The question does not ask for the solution of the system of equations but rather how many solutions exist. There are only 3 possibilities. I will list them for you.

1. No solution

2. One solution

3. Infinitely many solutions

Currently, both equations are written in the form of $$Ax+By=C$$. However, in a system, the system looks like the following:

$$A_1x+B_1y=C_1$$

{$$A_2x+B_2y=C_2$$

Now, let's compare the ratios of the system

{$$2x+3y=20$$

{$$6x-y=20$$

When I say compare the ratio, I mean that you want to look at the relationship of $$\frac{A_1}{A_2}$$ and $$\frac{B_1}{B_2}$$ and $$\frac{C_1}{C_2}$$.

Let's look at them:

$$\frac{A_1}{A_2}=\frac{2}{6}=\frac{1}{3}$$

$$\frac{B_1}{B_2}=\frac{3}{-1}=-3$$

$$\frac{C_1}{C_2}=\frac{20}{20}=1$$

Since $$\frac{A_1}{A_2}\neq\frac{B_1}{B_2}\neq\frac{C_1}{C_2}$$, there is only one solution.

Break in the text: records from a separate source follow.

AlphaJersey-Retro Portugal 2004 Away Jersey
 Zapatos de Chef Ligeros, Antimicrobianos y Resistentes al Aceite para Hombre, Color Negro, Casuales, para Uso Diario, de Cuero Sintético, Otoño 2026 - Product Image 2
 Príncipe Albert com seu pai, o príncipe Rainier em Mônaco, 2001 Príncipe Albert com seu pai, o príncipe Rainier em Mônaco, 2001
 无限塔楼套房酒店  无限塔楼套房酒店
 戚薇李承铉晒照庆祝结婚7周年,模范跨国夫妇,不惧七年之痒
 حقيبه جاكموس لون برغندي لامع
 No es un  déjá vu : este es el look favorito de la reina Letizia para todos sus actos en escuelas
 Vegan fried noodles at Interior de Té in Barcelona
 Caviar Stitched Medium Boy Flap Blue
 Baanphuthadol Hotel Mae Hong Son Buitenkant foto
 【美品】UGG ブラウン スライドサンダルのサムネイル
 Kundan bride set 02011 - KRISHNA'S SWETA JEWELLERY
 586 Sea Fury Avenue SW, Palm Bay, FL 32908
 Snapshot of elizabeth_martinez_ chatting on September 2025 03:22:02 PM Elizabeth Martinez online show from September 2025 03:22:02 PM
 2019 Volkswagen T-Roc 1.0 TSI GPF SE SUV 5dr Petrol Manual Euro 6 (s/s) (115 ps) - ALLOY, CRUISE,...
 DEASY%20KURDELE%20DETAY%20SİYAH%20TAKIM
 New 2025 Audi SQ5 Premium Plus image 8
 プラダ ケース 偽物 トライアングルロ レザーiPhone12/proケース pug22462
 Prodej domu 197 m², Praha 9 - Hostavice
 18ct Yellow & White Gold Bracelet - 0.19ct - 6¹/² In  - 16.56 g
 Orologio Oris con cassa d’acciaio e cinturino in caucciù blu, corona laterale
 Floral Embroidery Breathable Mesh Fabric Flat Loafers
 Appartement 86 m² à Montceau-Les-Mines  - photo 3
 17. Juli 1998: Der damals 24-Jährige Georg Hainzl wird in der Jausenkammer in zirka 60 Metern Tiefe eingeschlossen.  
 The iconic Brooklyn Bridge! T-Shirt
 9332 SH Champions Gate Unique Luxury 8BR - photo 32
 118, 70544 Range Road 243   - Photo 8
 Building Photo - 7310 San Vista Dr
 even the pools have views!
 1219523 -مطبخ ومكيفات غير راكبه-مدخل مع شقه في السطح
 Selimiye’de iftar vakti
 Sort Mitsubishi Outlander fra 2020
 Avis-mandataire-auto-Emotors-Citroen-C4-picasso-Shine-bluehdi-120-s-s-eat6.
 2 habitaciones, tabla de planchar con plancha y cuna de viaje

TheXSquaredFactor  Aug 3, 2017
#3
+76929
+2

Here's one more method :

Using X2's nomenclature

If product  of  [A1 * B2 ] - [ A2 * B1 ]   is not 0   then we will always have one solution...so...

[2 * -1 ]  - [6 * 3 ] =     -2 - 18   =   -20    .....so....we will have only one solution

CPhill  Aug 3, 2017
#4
+1221
+1

Neat! Very clever, indeed.

TheXSquaredFactor  Aug 3, 2017
#5
+71
0

It's just the intersection of two lines.   Since they only intersect at one point,there is only one solution.

frasinscotland  Aug 3, 2017
#6
+1221
+1

To say that 2 nonlinear lines intersects at a common point is correct. However, it is not given info that they are indeed nonlinear; you must prove it.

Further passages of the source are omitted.